Pendekatan kajian sastra terbagi ke
dalam dua cabang, yakni pendekatan instrinsik (bertolak dan bertumpu pada
struktur karya sastra sebagai teks yang otonom) dan pendekatan ekstrinsik
(bertolak dan bertumpu pada hal-hal di luar karya sastra). Dikatakan Wellek dan
Warren (1993: 157-158) seharusnya penelitian sastra bertolak dari analisis dan
interpretasi karya sastra. Konsentrasi penelitian pertama-tama dan paling utama
harus ditujukan terhadap karya sastra itu sendiri.
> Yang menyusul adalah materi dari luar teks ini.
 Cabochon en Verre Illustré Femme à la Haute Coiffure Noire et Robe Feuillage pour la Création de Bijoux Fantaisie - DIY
Dalam pada itu sebagai fakta sastra,
karya sastra selalu menyiratkan adanya pencipta (pengarang), buku (karya
sastra), dan publik pembaca (masyarakat). Setiap fakta sastra merupakan bagian
dari sirkuit yang erat berhubungan. Dengan alat transmisi komplek, karya sastra
mengaitkan individu-individu yang jelas definisi dan namanya (pengarang) pada
suatu kolektivitas yang dapat dikatakan anonim (publik pembaca) (Escarpit,
2005:3).
Sementara itu menurut Eliot
(1972:73) Kritik dan apresiasi terhadap puisi harus diarahkan ke puisi, bukan
ke penyair, “Honest criticism and sensitive appreciation are directed not upon
the poet but upon poetry.” Pemikiran yang sama juga dikemukakan Richards
menolak semua informasi di luar teks – tak ada pengarang, periode, atau
komentar tambahan – dan meminta mahasiswa (dan para tutor) memahami puisi
dengan sama sekali mengelupas konteksnya (Bertens, 2001:15).
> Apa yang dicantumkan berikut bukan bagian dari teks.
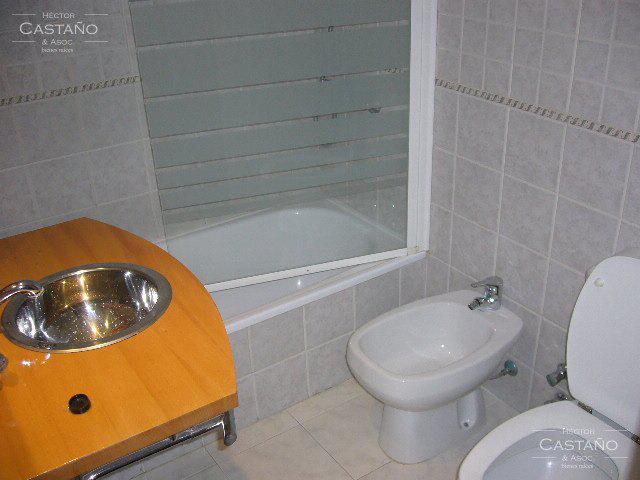 Departamento 2 amb en alquiler en Solares de Olivos con cochera.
Pengajaran puisi di perguruan tinggi
pun, sebagaimana tampak pada buku-buku pengantar kajian puisi, kemudian
terfokus pada perangkat puitik (poetic
devices) seperti perangkat bunyi (sound
devices) dan perangkat arti (sense
devices). Buku-buku tentang pengantar kajian puisi itu biasanya berisi
penjelasan perangkat-perangkat itu dan penerapannya dalam analisis puisi.
Analisis terhadap perangkat-perangkat itu untuk mengungkapkan nada (tone) dan kemudian tema. Pembacaan
semacam ini disebut pembacaan modernis (Easthope, 1991:13).